PipeFusion: Patch-level Pipeline Parallelism for Diffusion Transformers Inference

TL;DR

PipeFusion introduces a patch-level pipeline parallelism technique for diffusion transformers, significantly reducing inference latency and communication costs while improving memory efficiency on multi-GPU setups.

Contribution

It proposes a novel patch-level pipeline parallel strategy that reuses stale feature maps, outperforming existing DiT inference parallelism methods.

Findings

Achieves state-of-the-art performance on multiple diffusion models.

Reduces communication costs compared to tensor and sequence parallelism.
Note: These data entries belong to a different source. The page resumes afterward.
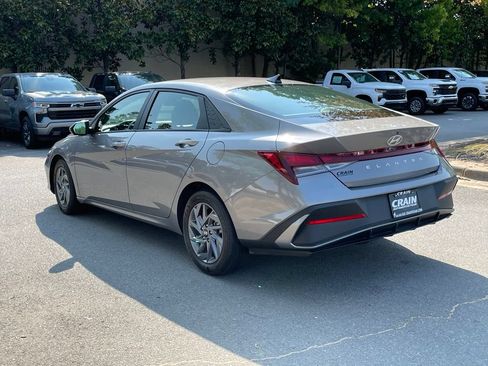 Used 2024 Hyundai Elantra SEL FWD image 5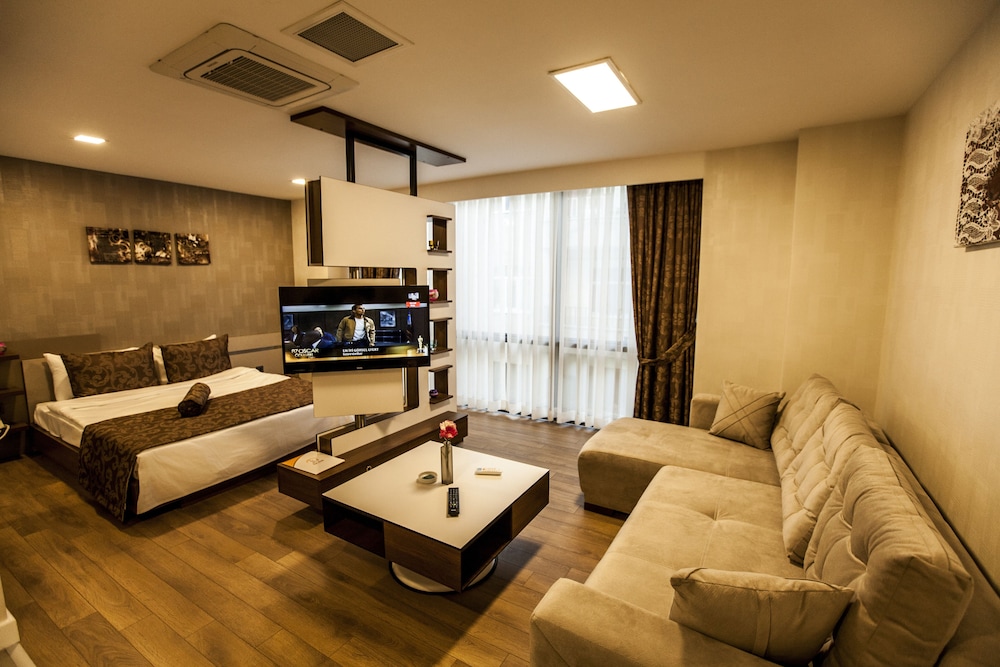 LIV SUIT HOTEL 36/58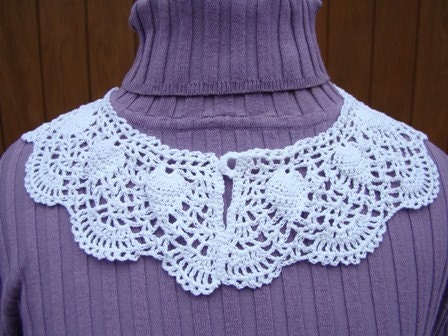 Victorian Pineapple & Scallop Crocheted Collar
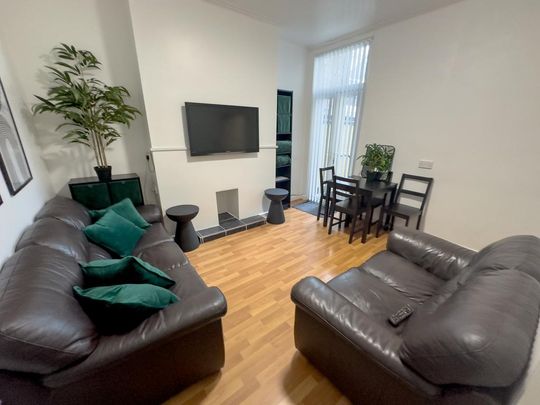 2 bedroom house share to rent - Photo 1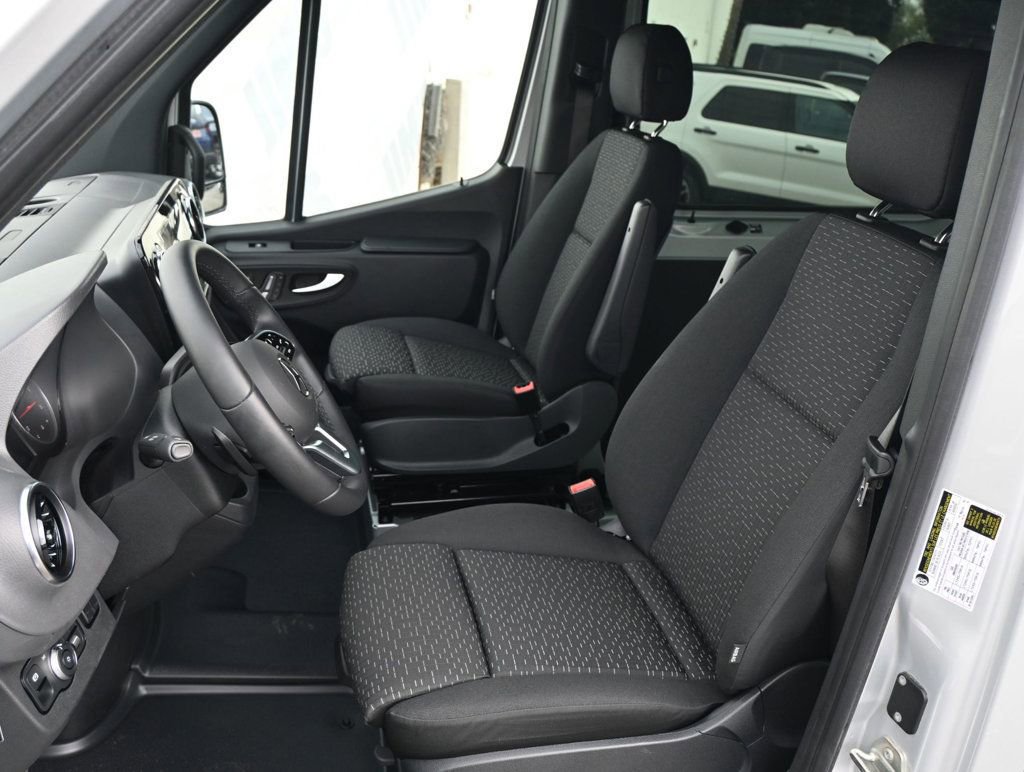 Used 2022 Mercedes-Benz Sprinter 2500 image 15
Enhances memory efficiency for large diffusion transformer models.

Abstract

This paper presents PipeFusion, an innovative parallel methodology to tackle the high latency issues associated with generating high-resolution images using diffusion transformers (DiTs) models. PipeFusion partitions images into patches and the model layers across multiple GPUs. It employs a patch-level pipeline parallel strategy to orchestrate communication and computation efficiently. By capitalizing on the high similarity between inputs from successive diffusion steps, PipeFusion reuses one-step stale feature maps to provide context for the current pipeline step. This approach notably reduces communication costs compared to existing DiTs inference parallelism, including tensor parallel, sequence parallel and DistriFusion. PipeFusion enhances memory efficiency through parameter distribution across devices, ideal for large DiTs like Flux.1. Experimental results demonstrate that PipeFusion achieves state-of-the-art performance on 8$\times$L40 PCIe GPUs for Pixart, Stable-Diffusion 3, and Flux.1 models. Our source code is available at https://github.com/xdit-project/xDiT.